无疑,从这里可以真切地感受到中国历史上荒馑之年民众易亲相食的历史事实,余华的叙述显然在此基础上又深入了一步,母女二人应该是知道自己将要被作为肉食卖与屠夫的,但是在被自己丈夫带往屠宰场的途中,妻子却没有任何的挣扎与反抗,丈夫在得到三吊钱后径自离去,这种若无其事的态度,甚至让人觉得母女二人真的就是待宰的牲畜一样。在其后的第二次细致叙述的菜人惨剧中,受难者依旧是处于弱势的女性,小姐惠在家道中落后同样沦为了被食的对象。余华不仅毫不避讳对于这样惨烈场面的直面叙述,甚至将暴力屠杀场面的每一个细节都放大给读者看,男权社会对女性的迫害在这样的叙述中回归了最原始的定义,即直指肉体的暴力屠杀,而她们也以最直接的方式成为了男权社会的牺牲品,余华有意识地将女性设置为菜人惨剧的牺牲品,极其敏锐地点出了在食人社会中,首当其冲的是从未挣得“人”的地位的中国女性,在男权社会中,她们总是暴力屠刀下的受难者。
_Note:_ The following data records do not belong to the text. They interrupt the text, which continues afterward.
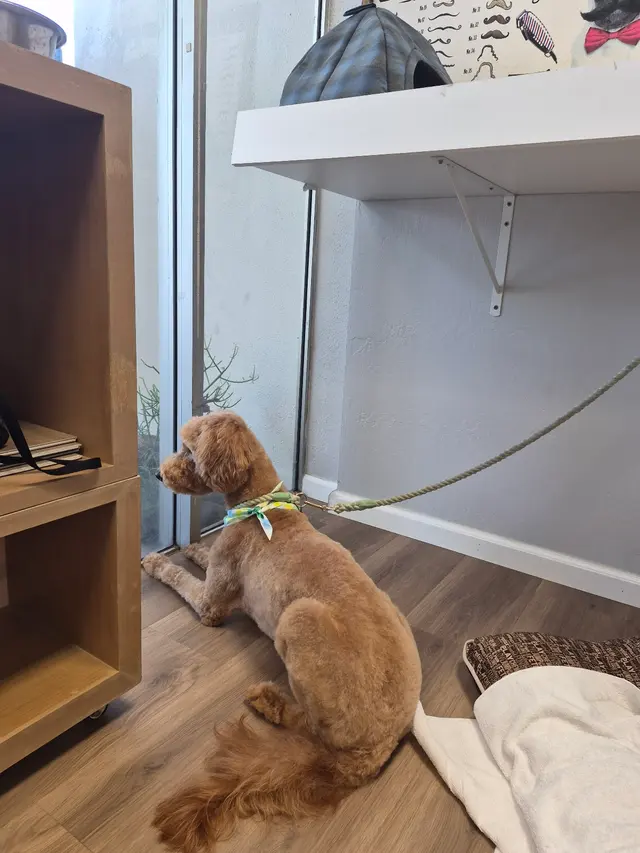 Sweet Rascals Dog Grooming — photo from the business 3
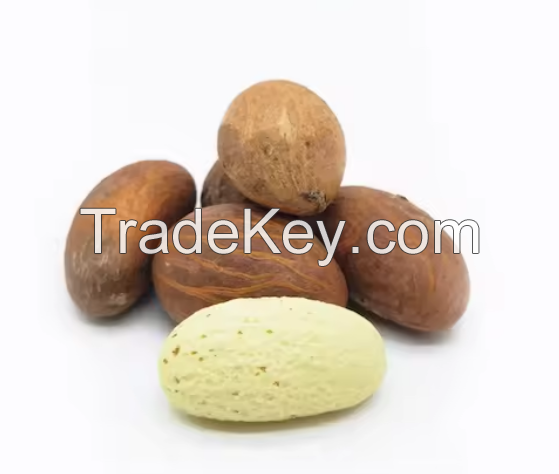 Best Grade Fresh Bitter Kola Nuts 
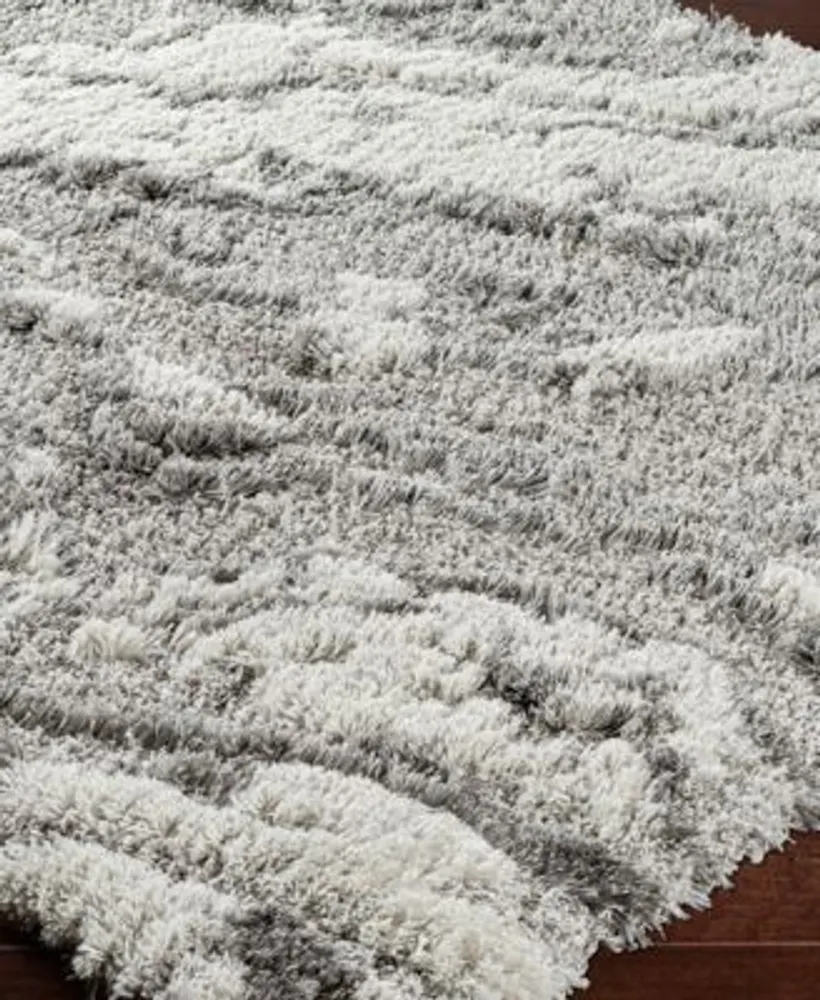 Livabliss Alta Shag Asg2301 Area Rug
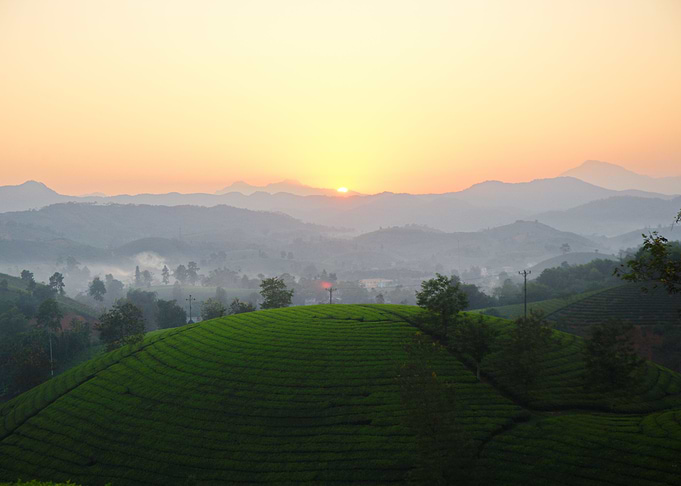 Sunset over tea plantation
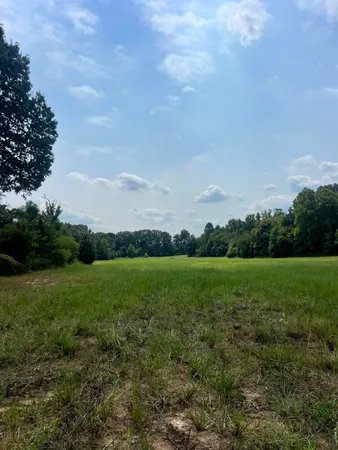 a view of field with grass and trees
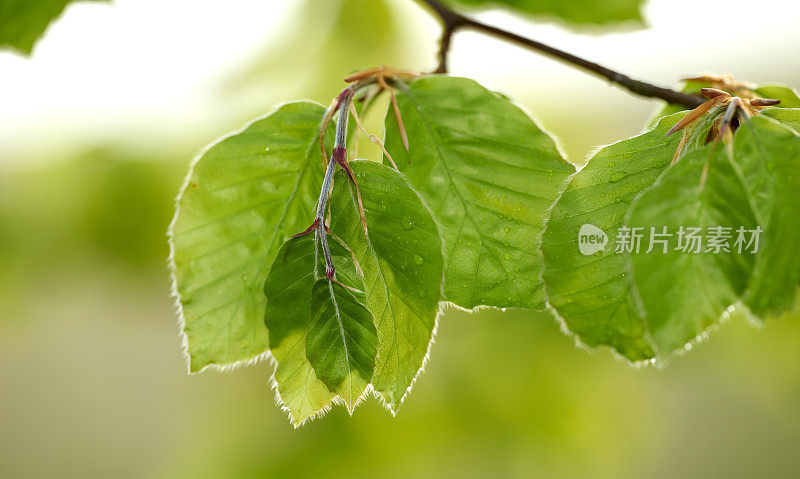 绿色的树叶。这是一张非常清晰和详细的照片，拍摄于著名的丹麦森林的春天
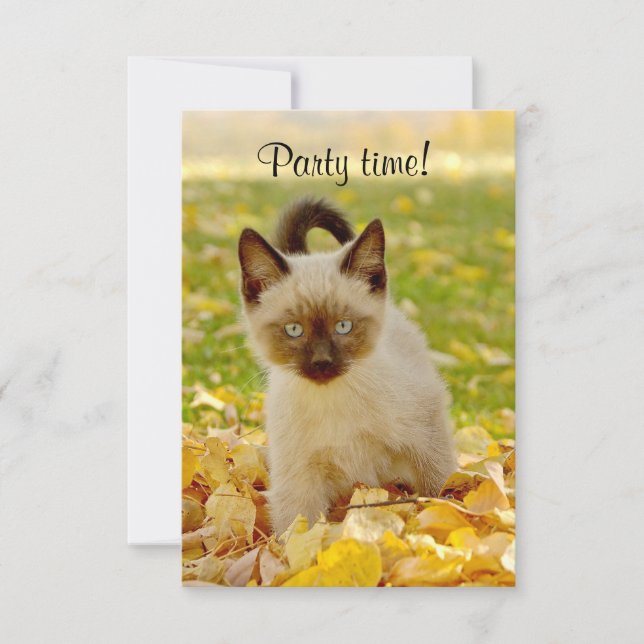 Convite Do "convite do tempo partido" (Frente)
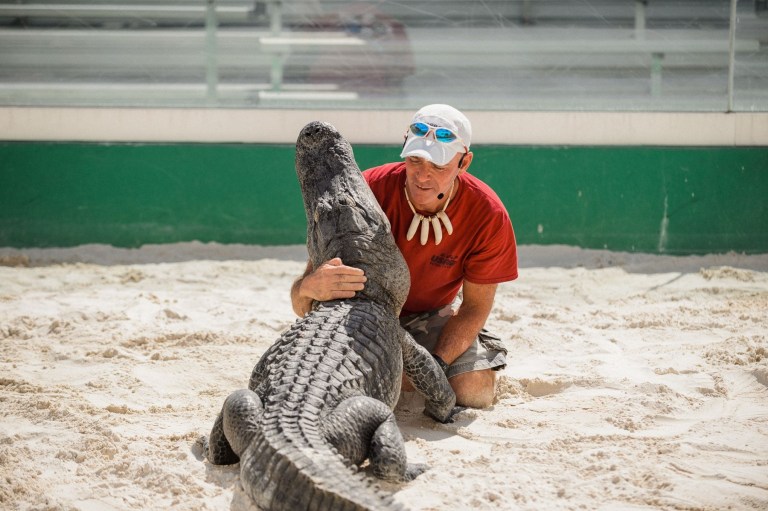 Person kneeling in sand, holding a large alligator.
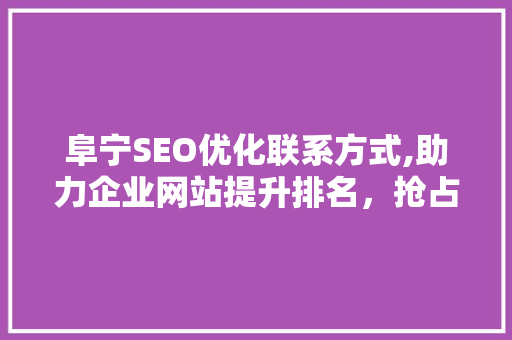 阜宁SEO优化联系方式,助力企业网站提升排名，抢占互联网市场先机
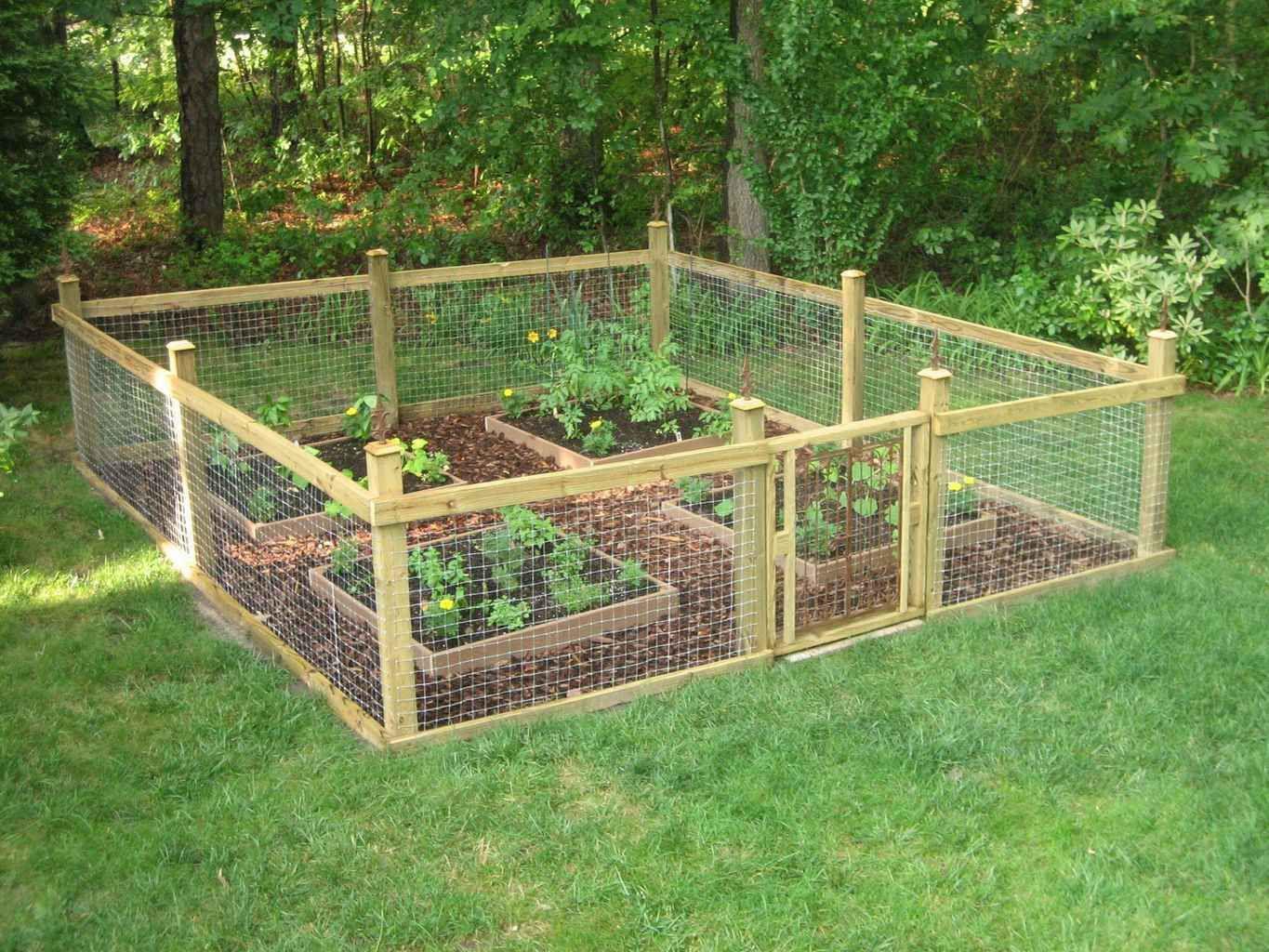 طراحی باغچه در حیاط (m225714)|ایده ها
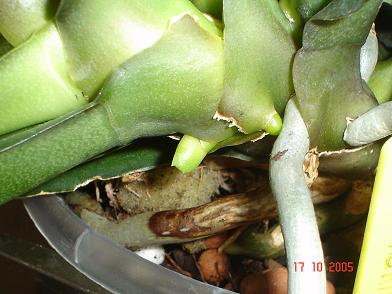 phal8.JPG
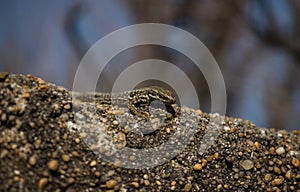 Female common wall lizard podarcis muralis on rock stone wall at atlantic beach coast in french seaside town Biarritz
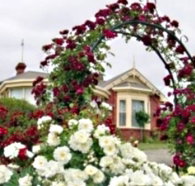 Golden Embers Apartments and B and B - Palm Beach Accommodation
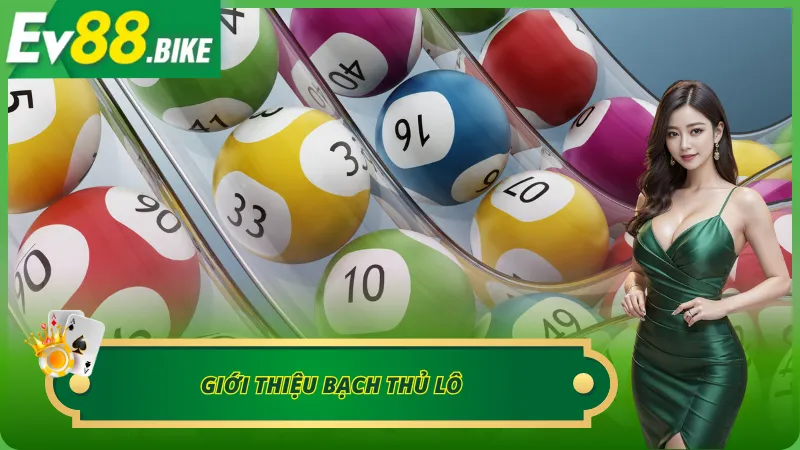 Bạch thủ lô và những thông tin cơ bản cần biết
在余华的先锋小说中,女性群体的悲惨结局并不都是由赤裸裸的暴力造成的,更多的则是由于身处男权社会,作为物品化的附庸,是欲望和被看的对象,她们无法掌控自己的命运,更无法去反抗男性加之于自身的种种迫害,这种迫害既有肉体层面的,也有精神层面的,她们能做的,只有慢慢地适应这样不平等的社会,无底限地隐忍与逃避,当她们再也无法忍受这些迫害的时候,有人选择了自暴自弃,有人选择了自我毁灭,不管以怎样的方式,都使得女性群体沦为了男权社会的牺牲品,前者是精神的消亡,后者是肉体的毁灭。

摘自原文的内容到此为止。